Ca fait trois ans que Phillip porte constamment un petit pistolet, un "38 special". Et en avril 2014, il a créé un compte Facebook –True North Minneapolis- sur lequel il relate tous les faits de violence dans les quartiers du nord de Minneapolis, photos d’impacts de balle à l’appuis.

"Je veux conscientiser les habitants du quartier sur ce qui se passe ici. Comme ça, ils peuvent décider en toute connaissance de cause de rester ou de partir". Partir, il en rêve. Il se voit faire pousser des orchidées à Hawaï. Mais pas tant qu’il n’aura pas vendu son magasin. Et ça, ce n’est visiblement pas gagné!

Manilan Houle

Les jeunes démocrates, mobilisés contre Trump

Pas toujours évident pour les activistes démocrates de Minneapolis de mobiliser leur base autour de la candidature d’Hillary Clinton. C’est qu’ici, beaucoup avaient voté pour son rival "socialiste", le sénateur du Vermont Bernie Sanders, lors des primaires.

Manilan Houle est membre des Jeunesse du parti démocrate-fermier-travailliste du Minnesota (DFL), le parti démocrate de l’Etat.
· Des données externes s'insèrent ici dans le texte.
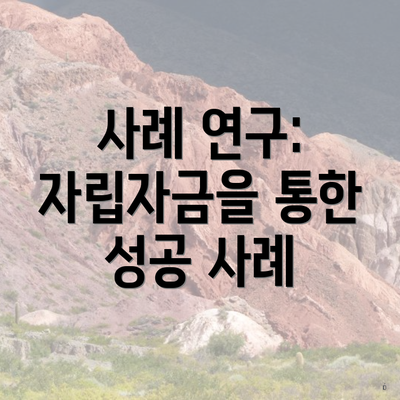 사례 연구: 자립자금을 통한 성공 사례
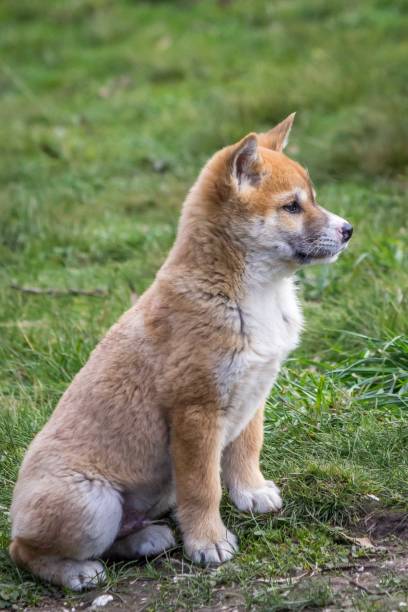istock Purebred Dingo Puppy, Victoria Australia, August 2018 1036453516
Lui aussi soutenait Sanders, mais il se bat désormais pour Clinton. "Beaucoup de jeunes qui auraient préféré Sanders ne sont pas forcément enthousiasmés par la candidature de Clinton", constate le jeune-homme. "Mais, ils sont hyper motivés à l’idée de voter contre Donald Trump".

De là à ce que le vote aille à Clinton, il y a néanmoins encore de la marge. Deux autres candidats figureront sur les bulletins de vote: le libertarien Gary Johnson et, surtout, l’écologiste Jill Stein qui séduit pas mal dans ce coin du Minnesota.

Pour Conrad Zbikowski, le président des jeunes DFL, il faut avant tout éviter que les gens restent chez eux le 8 novembre, même s’il se veut confiant sur les (grandes) chance de Clinton de l’emporter. Mais son principal objectif est ailleurs: "On doit surtout récupérer la chambre des représentants de l’Etat du Minnesota". Une majorité de républicains y fait en effet de la résistance face au Sénat démocrate. Leurs sièges seront également en jeu le 8 novembre et les démocrates du Minnesota comptent bien les reprendre.